We didn't know anything about what they were pre-war, but I figure we only needed to know that war had destroyed whatever moral compass they once had. They weren't rampaging throughout the countryside, mind you. However, I find it hard to believe and accept that American soldiers were as undisciplined and out-of-control as Fury paints them as.
However, there are other elements that push Fury to being an extraordinary film. The film is visually stunning. The final extended battle to the death with Fury making a last stand against hundreds of SS fighters looks like one is entering one of the degrees of Hell from Dante's Inferno. The entire battle sequence was tense and extensive, and here Ayers really brings out what I think Fury wanted to tell us: war is literally hell. Ayers never gives us a respite from the horrors and chaos and unwieldy nature of combat. We are put deep within the tank with these somewhat loathsome men. We are never allowed a moment of peace, reflecting how these men were similarly pushing on not for glory and honor but for survival and to destroy what would destroy them.

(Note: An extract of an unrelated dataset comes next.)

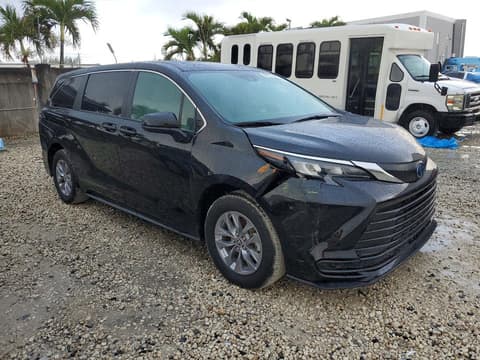 2025 Toyota Sienna, VIN 5TDKRKECXSS226706. Фото 4 з 6 з аукціону Copart. Каталог авто зі США OpenDataCar.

I also found that in at least two performances, we got really good deals. One sometimes forgets that Brad Pitt can push himself to being a serious and genuine actor. Fury reminds us that he can give a solid performance, as Wardaddy is perhaps the most complex of the men. He can have Ellison, barely old enough to shave and with no combat experience, kill a man whom he reminds Ellison would kill him without remorse, but who is also aware that even his crew can be too cruel with terrified women caught in the brutality not of their making. Wardaddy is close to being almost conflicted, and he does have a code where he decides to stay with Fury even after it has been disabled and the SS are on their way.
Similarly, Logan Lerman is shocking in that he can at least here stumble into a good performance. I'm open about how conflicted I am on Lerman: sometimes thinking he can act, sometimes thinking he cannot. However, I have to give him credit: as the naïve young man who slowly embraces the killing he is strong and reaches to you with his fears, his doubts, and ultimately his understanding of the sacrifice the Fury crew has made. He is suppose to be our avatar, and his shocks are our shocks, his despair ours. At least here, Logan Lerman shows there is potential within him to be a competent actor.
However, I'm still on the fence, for one performance doth not an actor make.
Fury is brutal, sometimes visually beautiful in the brutality it shows, and quite intense visually and emotionally. The fact that it has such strong performances, such beautiful imagery, and that it is honest and relentless about the horrors of war lift it higher, though the nastiness of the Fury crew makes it a bit remote in how it again comes dangerously close to making our grandfathers as brutal as those who threw men, women, and children into gas chambers. Still, Fury is a film worth seeing, if only to remind us that in war, the need to survive sometimes pushes everything else out.